Since 2004, the language has also shipped with PLaneT, a package manager that is integrated into the module system so that third-party libraries can be transparently imported and used. Also, PLaneT has a built-in versioning policy to prevent dependency hell.
The macrosystem in Racket has been used to construct entire language dialects. This includes Typed Racket, which is a gradually typed dialect of Racket that eases the migration from untyped to typed code,] Lazy Racket—a dialect with lazy evaluation, and Hackett, which combines Haskell and Racket.

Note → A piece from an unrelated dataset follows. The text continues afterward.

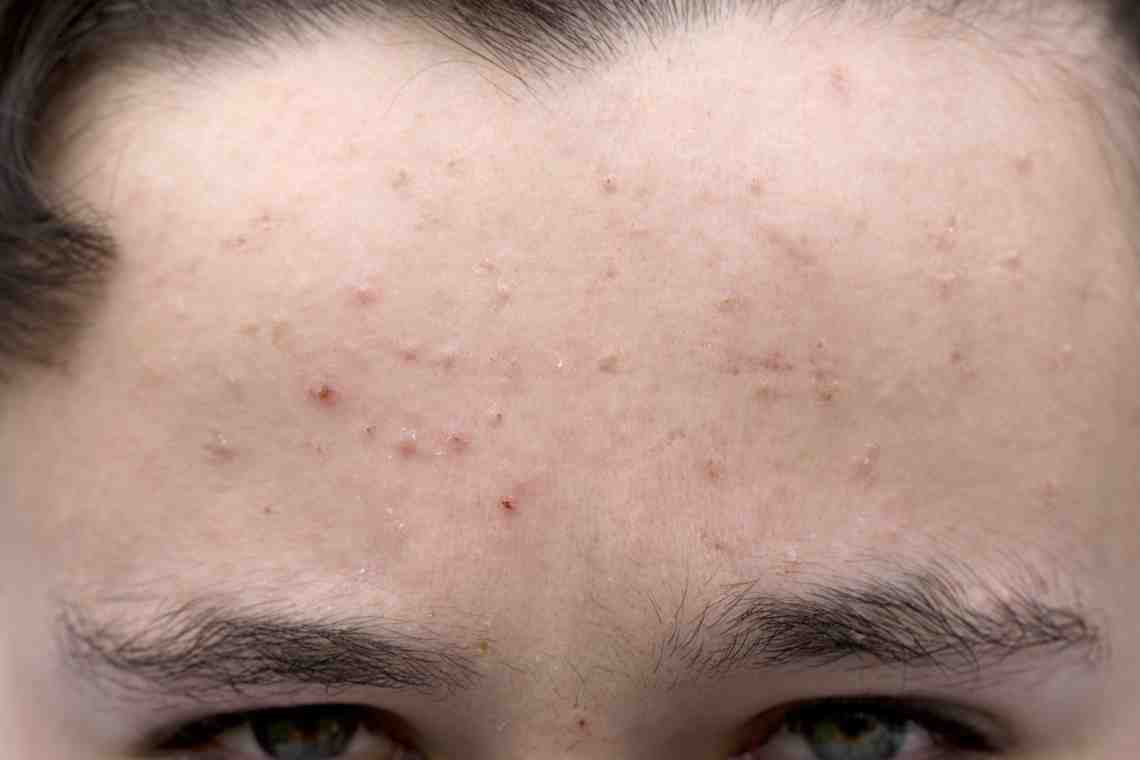 Красота под угрозой: как убрать высыпания на коже лица?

The pedagogical programming language Pyret was originally implemented in Racket
DrRACKET IDE:
DrRacket (formerly DrScheme) is widely used among introductory computer science courses that teach Scheme or Racket and is lauded for its simplicity and appeal to beginner programmers. The IDE was originally built for use with the TeachScheme! project (now ProgramByDesign), an outreach effort by Northeastern University and several affiliated universities for attracting high school students to computer science courses at the college level.
The editor provides highlighting for syntax and run-time errors, parenthesis matching, a debugger and an algebraic stepper. Its student-friendly features include support for multiple "language levels" (Beginning Student, Intermediate Student and so on). It also has integrated library support and sophisticated analysis tools for advanced programmers. Further, module-oriented programming is supported with the module browser, a contour view, integrated testing and coverage measurements, and refactoring support. It provides integrated, context-sensitive access to an extensive hyper-linked help system named "Help Desk".
RACKET:
After serving as a professor for 14 years in the Computer Science Department of Rice University, Felleisen is currently a Trustee Professor in the Khoury College of Computer Sciences at Northeastern University in Boston, Massachusetts. He received his PhD from Indiana University under the direction of Daniel P. Friedman.

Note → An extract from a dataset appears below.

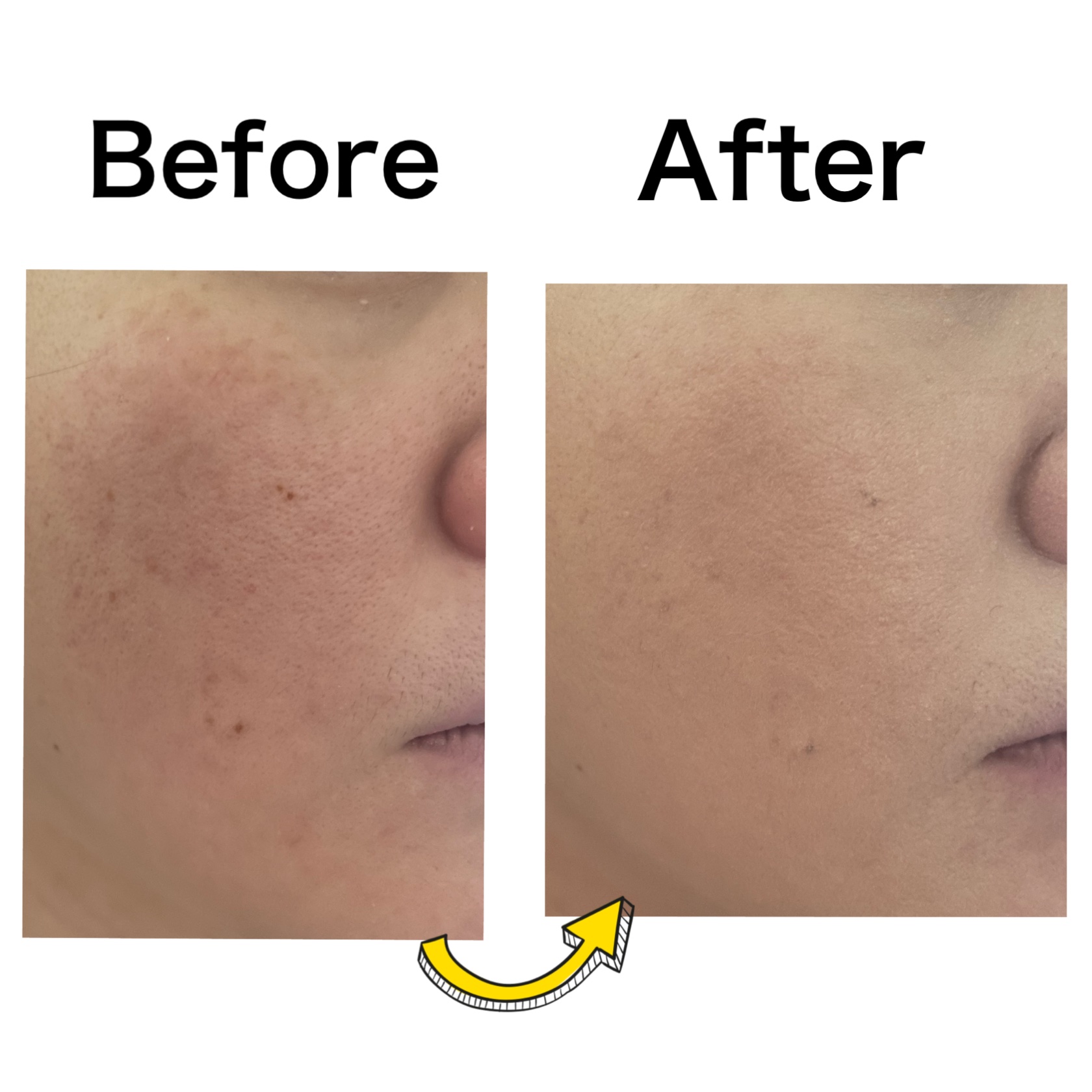 MISSHA ミシャ グロウ レイヤリングフィットクッションのクチコミ「＼しっとり伸びる！／
星5評価で表すと

カバー力　　★★★★☆
崩れにくさ　★★★★★
コス.....」（3枚目）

Felleisen's interests include programming languages, including software tools, program design, the Design Recipe, software contracts, and many more. In the 1990s, Felleisen launched PLT and TeachScheme! (now ProgramByDesign and eventually giving rise to the Bootstrap project to teach program-design principles to beginners and to explore the use of Scheme to produce large systems. As part of this effort, he authored How to Design Programs (MIT Press, 2001) with Findler, Flatt, and Krishnamurthi.
For his dissertation, Felleisen developed small-step operational semantics for higher-order functional with imperative extensions (state, control). Part I of "Semantics Engineering with PLT Redex" is derived from his dissertation. Its most well-known application is for proof of type safety, worked out with his PhD student Andrew Wright.